• WHAT IS REQUIRED: Restate exactly the lines below, from the one containing "Neue juristische Fakultäts-Absolvent-Geschenk-Idee" through the final line, and leave out the pictures.

------ STUDY MATERIAL

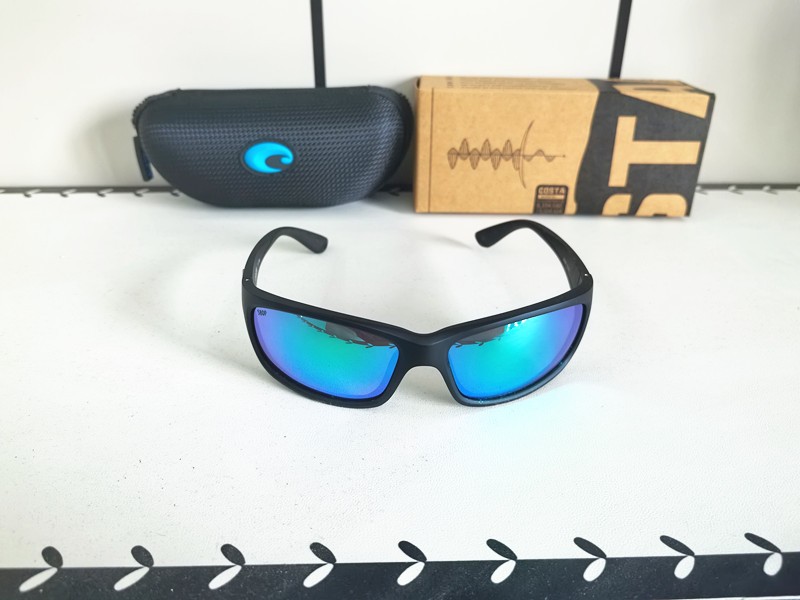 Costa Del Mar JOSE Matte Black Frame/Green 580P Polarized Lenses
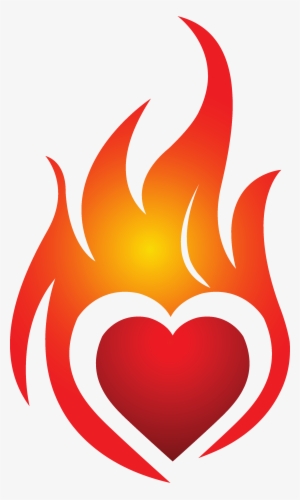 28 Collection Of Heart On Fire Clipart - Heart On Fire Logo #1592876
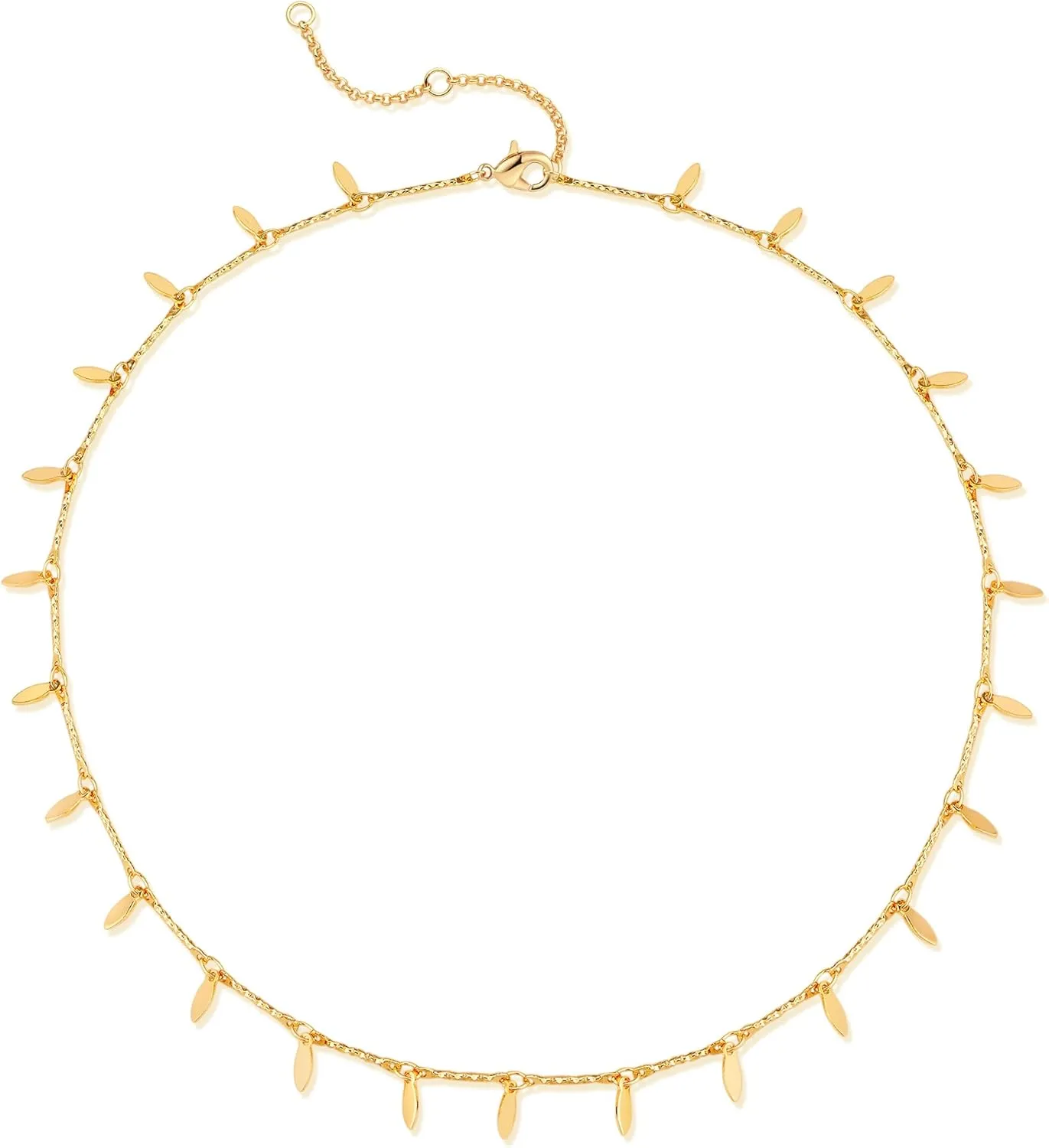 Fettero Cute Choker Necklace for Women Colorful Daisy Flower Choker Cute Chain Choker Necklace Delicate Fashion Gold Dainty Simple Necklace for Women Jewelry Gifts
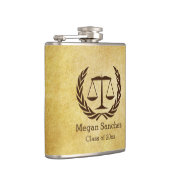 Neue juristische Fakultäts-Absolvent-Geschenk-Idee Flachmann (Rechts)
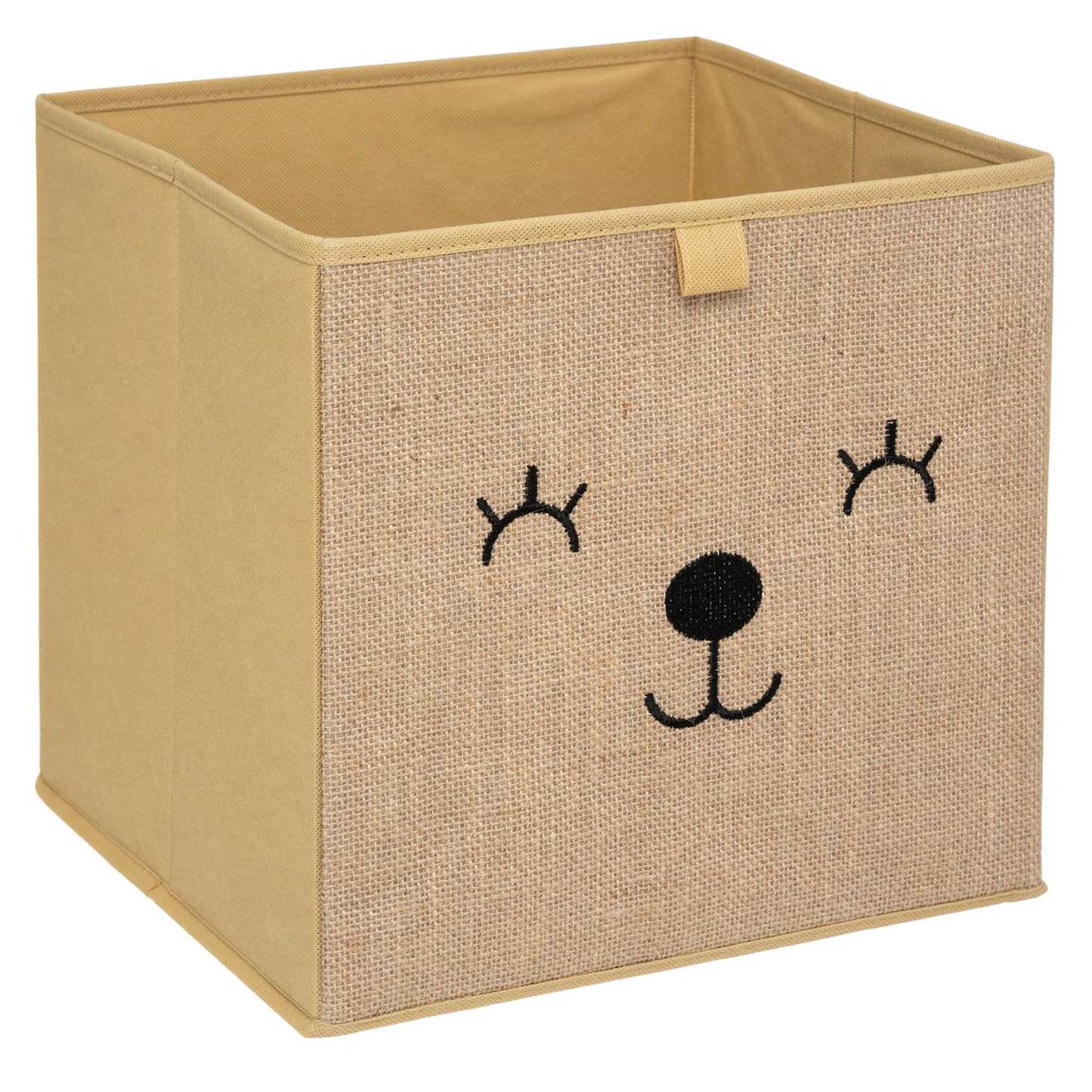 Bac De Rangement Enfant Marron Caramel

------------

• SOLUTION TO THIS EXERCISE:
 Neue juristische Fakultäts-Absolvent-Geschenk-Idee Flachmann (Rechts)
 Bac De Rangement Enfant Marron Caramel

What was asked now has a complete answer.